Levou quase um mês inteiro para eu escrever uma resenha sobre As Sufragistas após assistir ao filme. Pra ser bem honesta, ainda não sei bem se o impacto do filme já passou ou se um dia vai passar. Doeu, doeu muito. O filme é uma dose de realidade que se mostra mais triste por ainda ser a realidade. Tudo bem, talvez no Brasil e em alguns outros países o direito ao voto para as mulheres já esteja assegurado, mas isso não significa que a mentalidade social sobre o papel da mulher e seus direitos tenha sido realmente aceito. Assim, embora o filme trate da realidade em 1918, ainda é um assunto contemporâneo.
O filme segue Maud, uma operária de uma lavanderia, casada e com um filho. O brilhantismo do longa é, na minha opinião, o fato de que Maud é uma moça comum, vivendo em uma sociedade que ela nunca antes questionou. O filme é sobre o seu despertar – e por isso talvez seja tão impactante. O despertar de Maud desperta quem se senta na cadeira do cinema para presenciá-lo.
Maud trabalha desde criança em uma lavanderia e seu salario é de posse de seu marido. Na época, mulheres não tinham o direito de gerenciar seus bens. Estes eram de posse dos homens de suas vidas. Maud nunca questionara isso. Também nunca questionara que devesse ser ouvida politicamente, ou que devesse ter a guarda do próprio filho; nunca questionara seus direitos de manter as próprias posses frente a uma separação conjugal ou que pudesse denunciar os abusos de seu empregador.

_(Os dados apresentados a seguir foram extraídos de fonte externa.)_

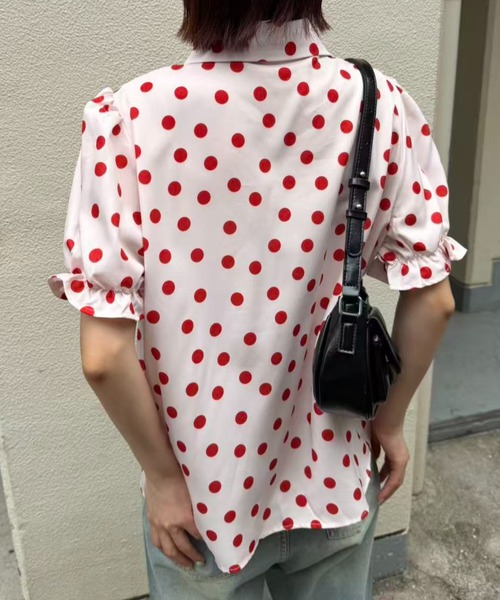 mebole(メボレ)の「Red polka dot shirt(シャツ/ブラウス・レディース・ホワイト/ピンク・FREE)」の18枚目の写真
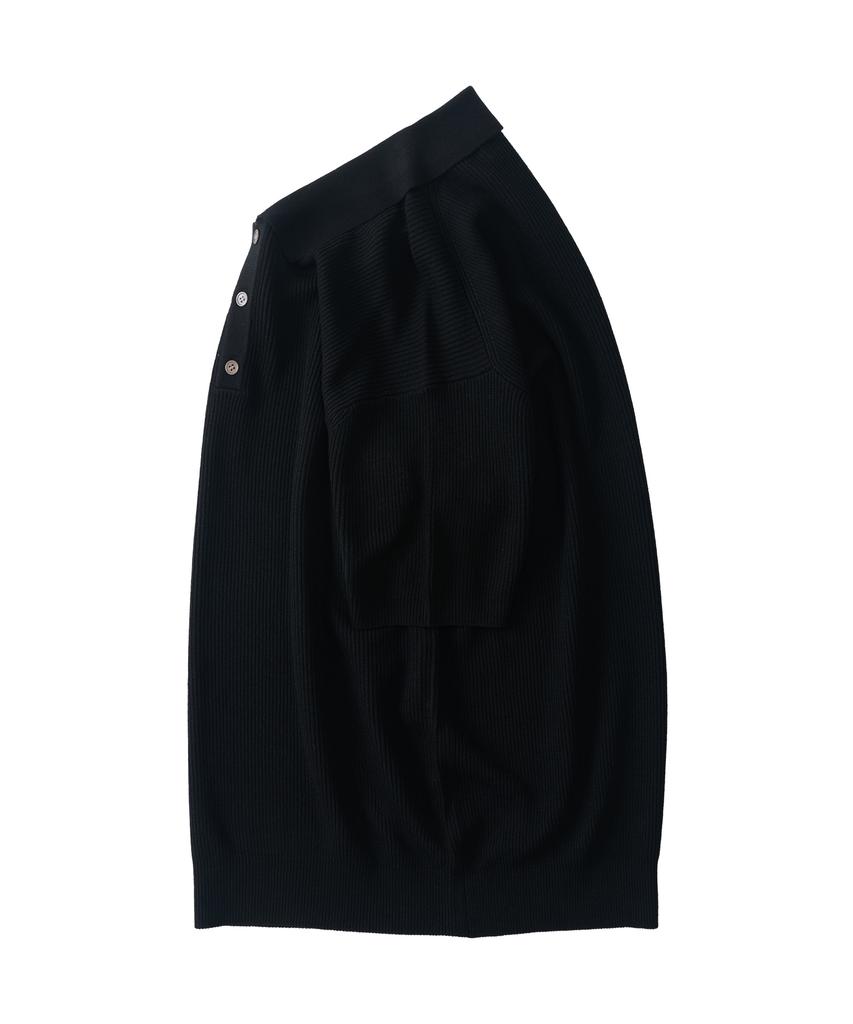ANALOG MOOD Hacci Button-Up Collar Short Sleeve Knit (Black)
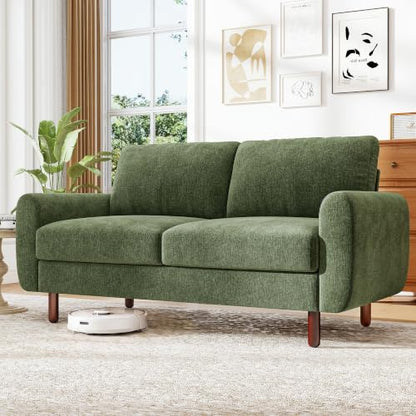 Ihanherry 68" Loveseat Sofa, Small Couch for Small Spaces, Comfy Chenille Sofa with Spring Cushion and Wood Frame, Mid Century Modern Couch, Deep Seat Couch for Living Room Bedroom Office, Green - color: Green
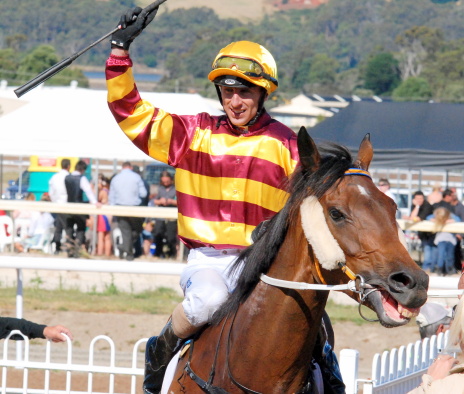 Brendon McCoull - in the winner's circle at his first day back in the saddle
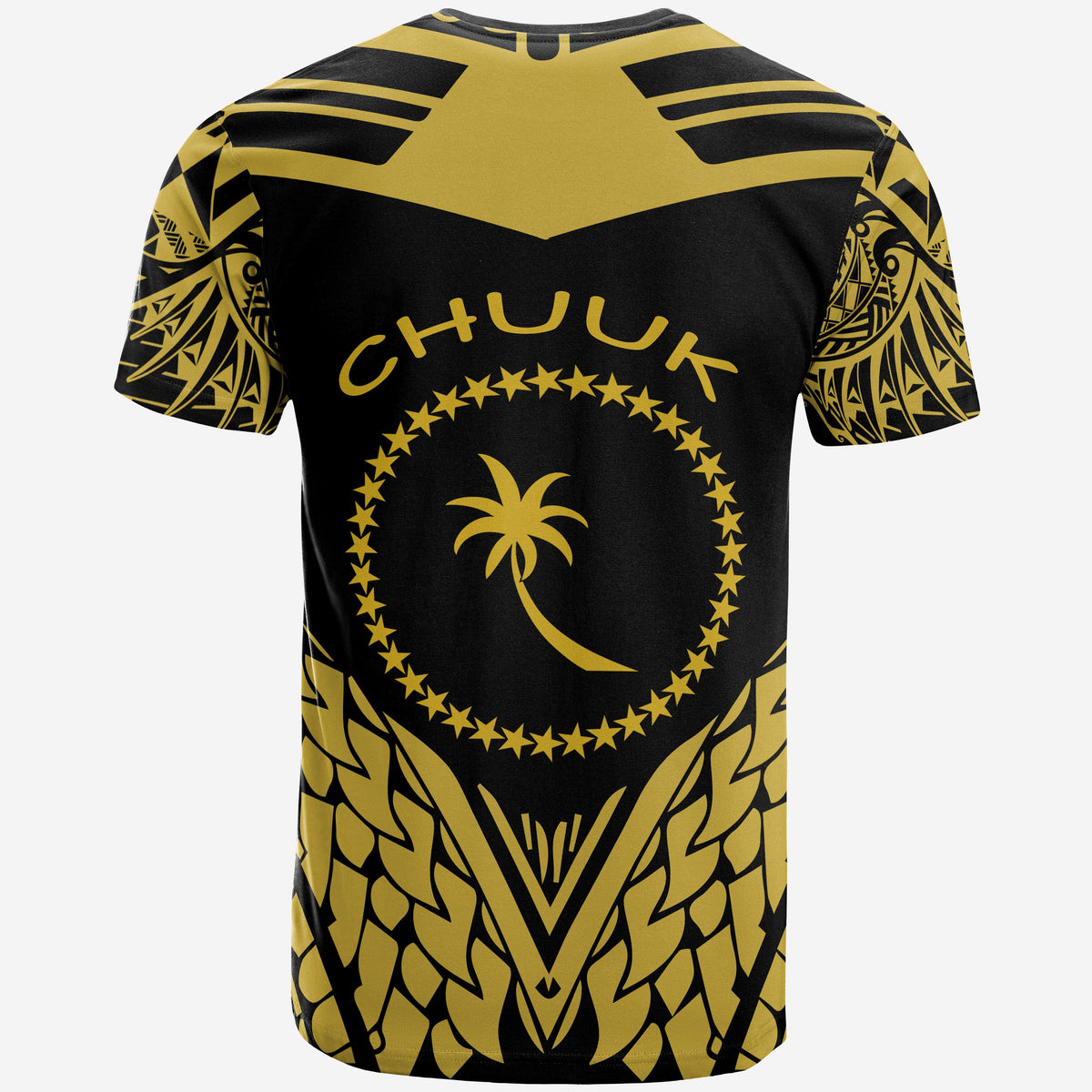 Chuuk Custom T Shirt Unique Eagle Feather Texture Black Yellow - Polynesian Pride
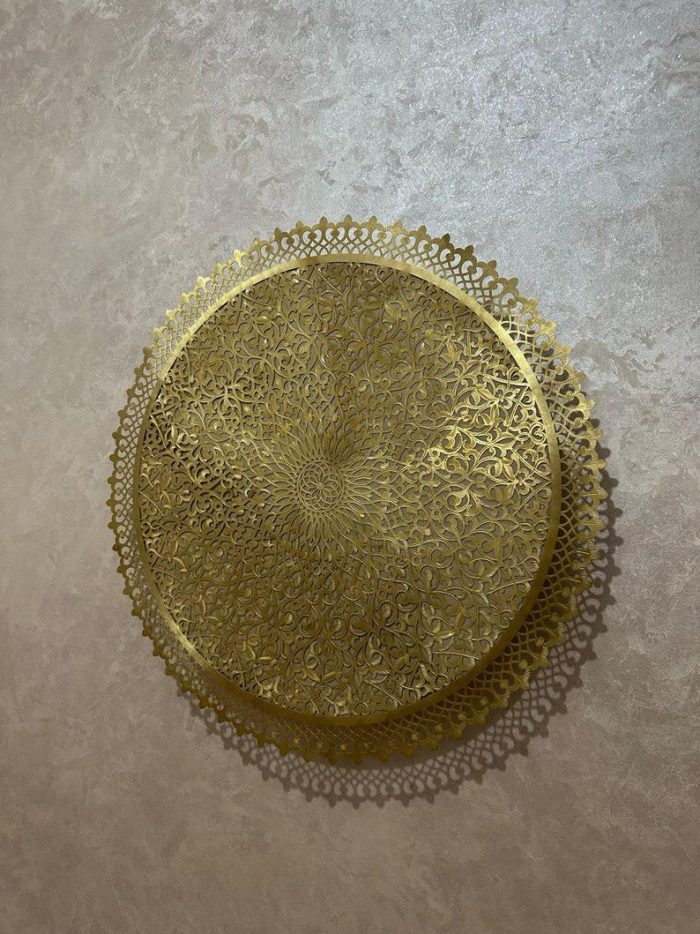 Round Filigree Brass Wall Light with intricate hand-perforated brass design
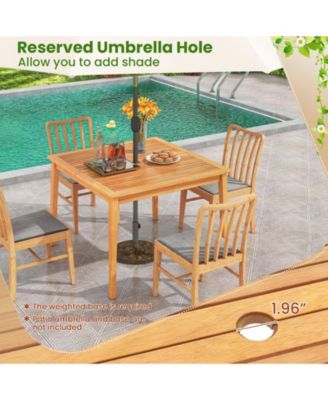 39 Inch Acacia Wood Dining Square Bistro Table with 1.96 Inch Umbrella Hole
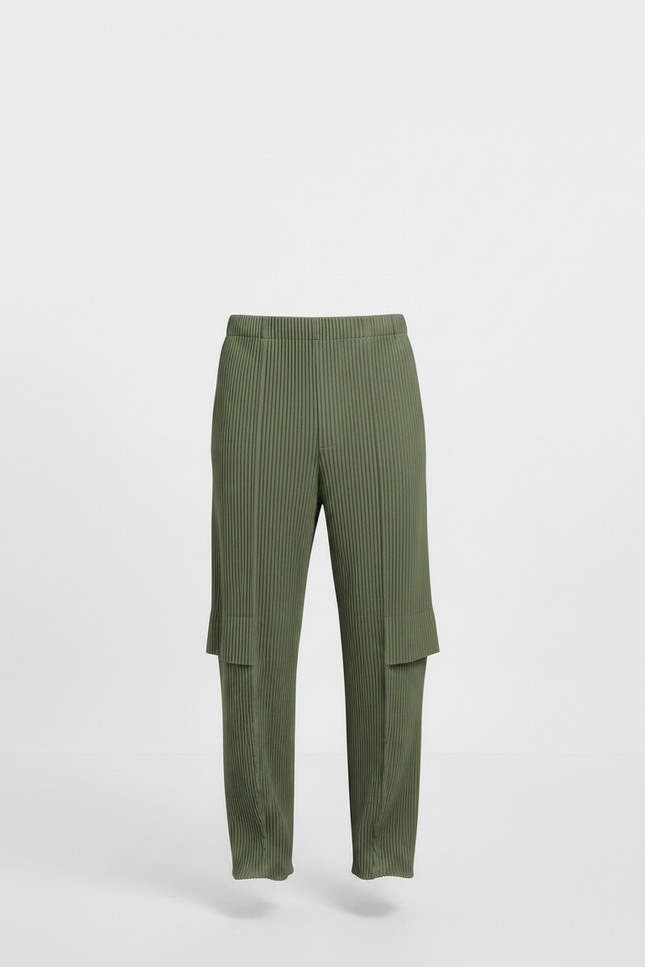 Pantalon À Pince Plissé Vert Militaire Ample Décontracté - Kaki Polyester - vue 3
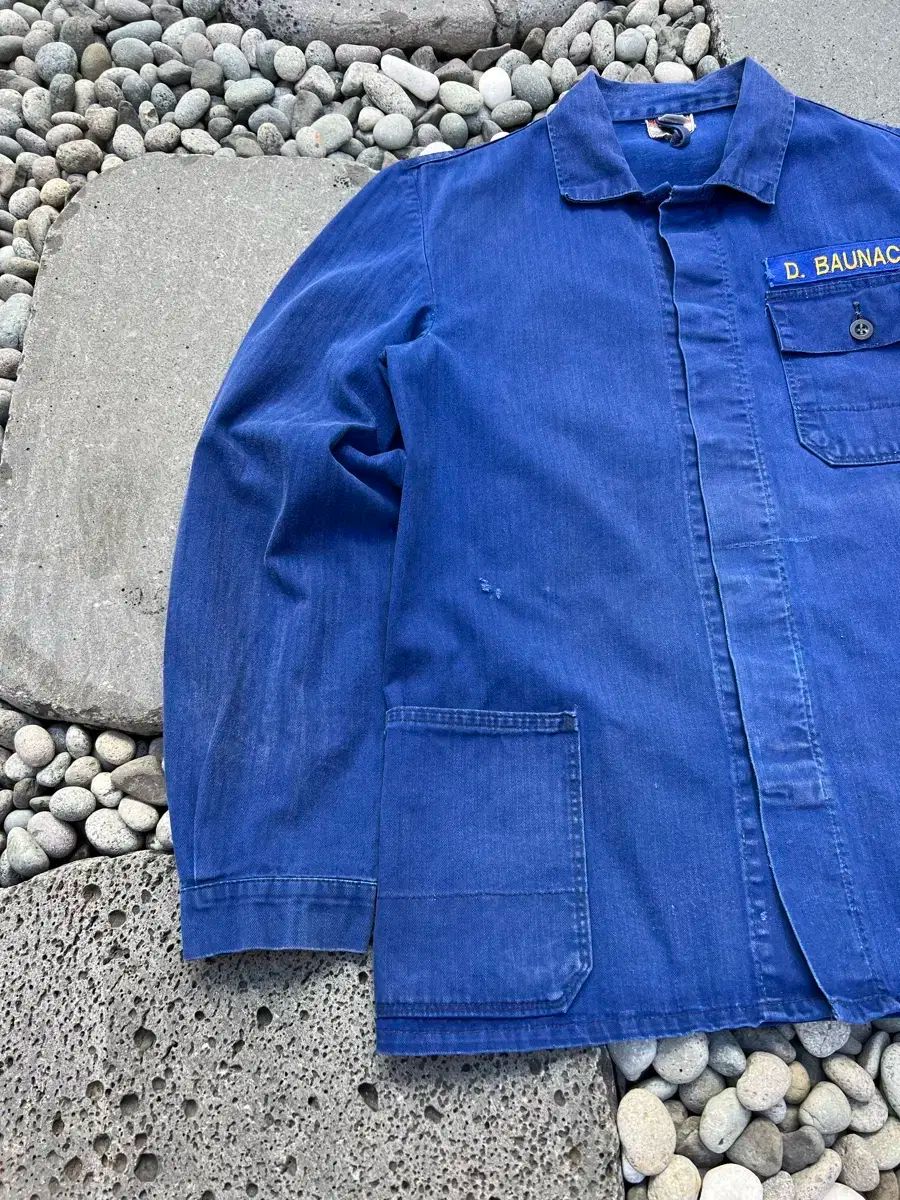 ヘリンボーン カバーオール ワークジャケット フェード ヴィンテージ 00's ドイツ軍 HBT Work Jacket / カバーオール ワーク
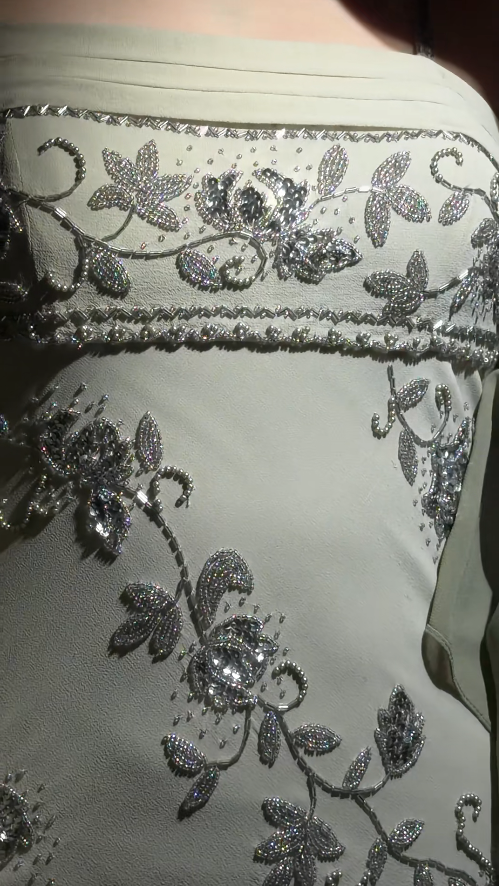Retro Gray Green A-Line Long Prom Dresses Beaded Chiffon Spaghetti Straps Evening Gowns Sleeveless Formal  Dresses ED05806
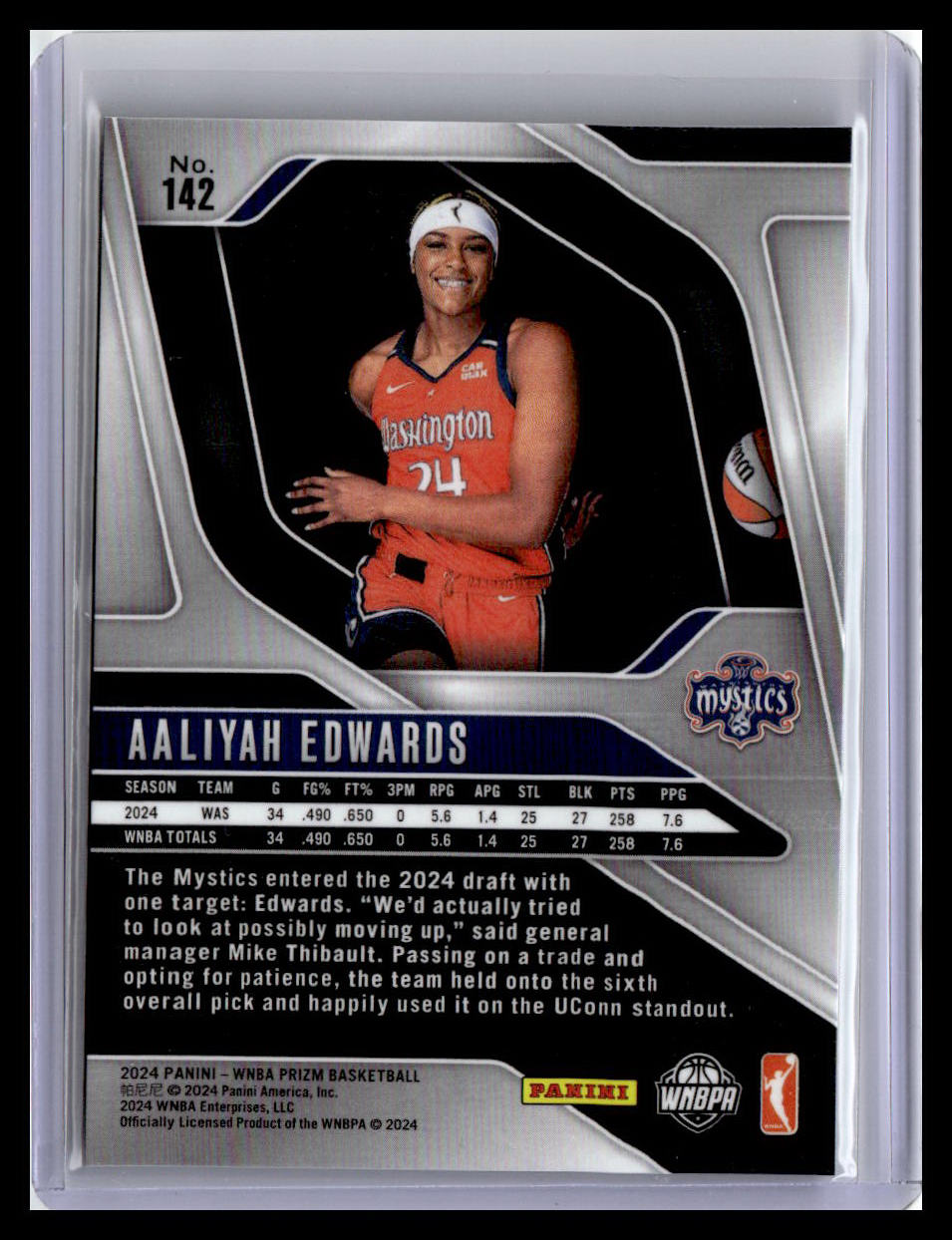 2024 Panini Prizm WNBA #142 Aaliyah Edwards (RC)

Por isso, talvez uma das cenas mais incríveis do filme seja o momento em que, por um daqueles acasos da vida, ela acaba tendo que defender o voto feminino, mesmo sem ter pensado muito a respeito. Quando questionada sobre o porque de seu desejo, ela responde que é quase inacreditável “pensar que possa haver outro jeito de viver essa vida”. Este insight em frente a câmera, dito com tanta honestidade transmite um tipo de emoção diferente, mais lúcida e inteira. Não é emocionalismo barato cinematográfico, é a pura realidade expressa por alguém que finalmente entendeu algo importante. Ah, quem dera o mundo já tivesse a maturidade de Maud!
O resto do filme se passa na “luta” pelo voto feminino. Uso a palavra bélica de propósito, pois o próprio longa transmite a ideia de que a busca pelo sufrágio fora longa e pacífica por mais de 50 anos, antes de as manifestações tornarem-se violentas. Segundo Maud “a guerra é a única língua que os homens entendem”. Isso também dói: a realidade de que ainda temos dificuldade de obter direitos diplomaticamente, de que a humanidade ainda acha que precisa de armas e fronteiras para conseguir o que quer. Maud ainda deixa claro que “nós venceremos”, pois “as mulheres são metade da população humana e não podem ser, todas, paradas”, mesmo que o filme mostre as diversas formas de tortura utilizadas pelo contra-ataque masculino.
Para quem acha que feminismo é exagero, desnecessário, e que o filme retrata o que foi o passado das mulheres na sociedade, lembro que o passado ainda é presente em diversos países. Para quem for ver o filme, recomendo ficar até os créditos, pois há uma lista de anos em que o voto feminino foi aprovado nos países do ocidente, e os países em que isso ainda não aconteceu. Para quem ainda achar que o Brasil está na frente, e que não precisamos mais nos preocupar com problemas como os que Maud viveu em 1918, lembro de observar todos os casos de abusos arquivados pois as mulheres foram incentivadas a retirar as queixas contra seus abusadores, ou a estúpida polêmica do Enem, quando uma tentativa de mostrar um problema contemporâneo foi considerada golpe político durante a qual boa parte das pessoas (homens e mulheres) escreveram redações que violaram os direitos humanos.
Então, não, As Sufragistas não é apenas um filme sobre o passado, é um filme sobre o presente: é um lembrete de que é importante votarmos nas próximas eleições, mesmo que discordemos do processo político do país, porque mulheres do mundo inteiro se esforçaram para nos garantir esse direito hoje. É um filme sobre a necessidade de as mulheres (e homens) seguirem na busca pela liberdade e por tantos outros direitos que ainda não conquistamos. Acho que As Sufragistas dói, mais do que tudo, porque perto do que elas tiveram que enfrentar para nos garantir o pouco que temos hoje, nós não estamos fazendo muito para retribuir. Precisamos ser como Maud e despertar para a realidade de uma vez por todas.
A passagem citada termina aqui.